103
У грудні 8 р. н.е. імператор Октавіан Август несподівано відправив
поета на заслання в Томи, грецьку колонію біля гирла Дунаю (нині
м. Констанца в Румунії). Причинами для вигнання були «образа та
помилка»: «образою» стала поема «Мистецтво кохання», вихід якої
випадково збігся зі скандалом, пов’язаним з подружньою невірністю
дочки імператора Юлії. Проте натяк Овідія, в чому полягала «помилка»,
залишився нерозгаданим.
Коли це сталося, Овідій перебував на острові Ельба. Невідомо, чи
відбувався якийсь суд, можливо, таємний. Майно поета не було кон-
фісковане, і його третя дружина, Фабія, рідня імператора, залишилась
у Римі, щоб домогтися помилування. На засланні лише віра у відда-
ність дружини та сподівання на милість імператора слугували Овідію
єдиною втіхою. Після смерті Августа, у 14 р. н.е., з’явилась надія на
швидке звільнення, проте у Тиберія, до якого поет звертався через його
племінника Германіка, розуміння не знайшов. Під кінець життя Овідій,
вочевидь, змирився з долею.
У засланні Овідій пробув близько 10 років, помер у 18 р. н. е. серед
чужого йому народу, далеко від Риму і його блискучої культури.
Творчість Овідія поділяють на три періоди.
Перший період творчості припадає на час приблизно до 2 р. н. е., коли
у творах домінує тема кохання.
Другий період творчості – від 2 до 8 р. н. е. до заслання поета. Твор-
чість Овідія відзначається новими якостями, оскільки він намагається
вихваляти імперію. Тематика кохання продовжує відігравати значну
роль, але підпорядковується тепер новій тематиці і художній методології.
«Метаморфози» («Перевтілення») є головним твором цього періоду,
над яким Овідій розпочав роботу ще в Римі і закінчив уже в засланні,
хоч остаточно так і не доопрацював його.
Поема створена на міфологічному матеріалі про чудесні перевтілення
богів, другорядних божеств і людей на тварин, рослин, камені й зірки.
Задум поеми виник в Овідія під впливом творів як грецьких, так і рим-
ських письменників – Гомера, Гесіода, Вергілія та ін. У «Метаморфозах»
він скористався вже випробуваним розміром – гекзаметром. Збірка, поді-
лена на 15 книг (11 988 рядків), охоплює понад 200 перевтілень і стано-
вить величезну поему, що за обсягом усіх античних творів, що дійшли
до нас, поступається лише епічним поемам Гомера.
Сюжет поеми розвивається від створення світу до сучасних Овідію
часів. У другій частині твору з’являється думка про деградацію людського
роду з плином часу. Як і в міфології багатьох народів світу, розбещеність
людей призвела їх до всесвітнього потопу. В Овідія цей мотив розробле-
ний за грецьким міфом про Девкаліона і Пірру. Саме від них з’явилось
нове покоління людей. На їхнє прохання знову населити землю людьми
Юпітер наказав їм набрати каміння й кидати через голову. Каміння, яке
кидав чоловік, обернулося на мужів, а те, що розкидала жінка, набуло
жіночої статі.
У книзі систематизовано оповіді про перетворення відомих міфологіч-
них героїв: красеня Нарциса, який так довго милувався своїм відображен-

· · · · · · ·

TASK INSTRUCTIONS :: An exact transcript of all the records is the expected result.

ANSWER BELOW ::
103
У грудні 8 р. н.е. імператор Октавіан Август несподівано відправив
поета на заслання в Томи, грецьку колонію біля гирла Дунаю (нині
м. Констанца в Румунії). Причинами для вигнання були «образа та
помилка»: «образою» стала поема «Мистецтво кохання», вихід якої
випадково збігся зі скандалом, пов’язаним з подружньою невірністю
дочки імператора Юлії. Проте натяк Овідія, в чому полягала «помилка»,
залишився нерозгаданим.
Коли це сталося, Овідій перебував на острові Ельба. Невідомо, чи
відбувався якийсь суд, можливо, таємний. Майно поета не було кон-
фісковане, і його третя дружина, Фабія, рідня імператора, залишилась
у Римі, щоб домогтися помилування. На засланні лише віра у відда-
ність дружини та сподівання на милість імператора слугували Овідію
єдиною втіхою. Після смерті Августа, у 14 р. н.е., з’явилась надія на
швидке звільнення, проте у Тиберія, до якого поет звертався через його
племінника Германіка, розуміння не знайшов. Під кінець життя Овідій,
вочевидь, змирився з долею.
У засланні Овідій пробув близько 10 років, помер у 18 р. н. е. серед
чужого йому народу, далеко від Риму і його блискучої культури.
Творчість Овідія поділяють на три періоди.
Перший період творчості припадає на час приблизно до 2 р. н. е., коли
у творах домінує тема кохання.
Другий період творчості – від 2 до 8 р. н. е. до заслання поета. Твор-
чість Овідія відзначається новими якостями, оскільки він намагається
вихваляти імперію. Тематика кохання продовжує відігравати значну
роль, але підпорядковується тепер новій тематиці і художній методології.
«Метаморфози» («Перевтілення») є головним твором цього періоду,
над яким Овідій розпочав роботу ще в Римі і закінчив уже в засланні,
хоч остаточно так і не доопрацював його.
Поема створена на міфологічному матеріалі про чудесні перевтілення
богів, другорядних божеств і людей на тварин, рослин, камені й зірки.
Задум поеми виник в Овідія під впливом творів як грецьких, так і рим-
ських письменників – Гомера, Гесіода, Вергілія та ін. У «Метаморфозах»
він скористався вже випробуваним розміром – гекзаметром. Збірка, поді-
лена на 15 книг (11 988 рядків), охоплює понад 200 перевтілень і стано-
вить величезну поему, що за обсягом усіх античних творів, що дійшли
до нас, поступається лише епічним поемам Гомера.
Сюжет поеми розвивається від створення світу до сучасних Овідію
часів. У другій частині твору з’являється думка про деградацію людського
роду з плином часу. Як і в міфології багатьох народів світу, розбещеність
людей призвела їх до всесвітнього потопу. В Овідія цей мотив розробле-
ний за грецьким міфом про Девкаліона і Пірру. Саме від них з’явилось
нове покоління людей. На їхнє прохання знову населити землю людьми
Юпітер наказав їм набрати каміння й кидати через голову. Каміння, яке
кидав чоловік, обернулося на мужів, а те, що розкидала жінка, набуло
жіночої статі.
У книзі систематизовано оповіді про перетворення відомих міфологіч-
них героїв: красеня Нарциса, який так довго милувався своїм відображен-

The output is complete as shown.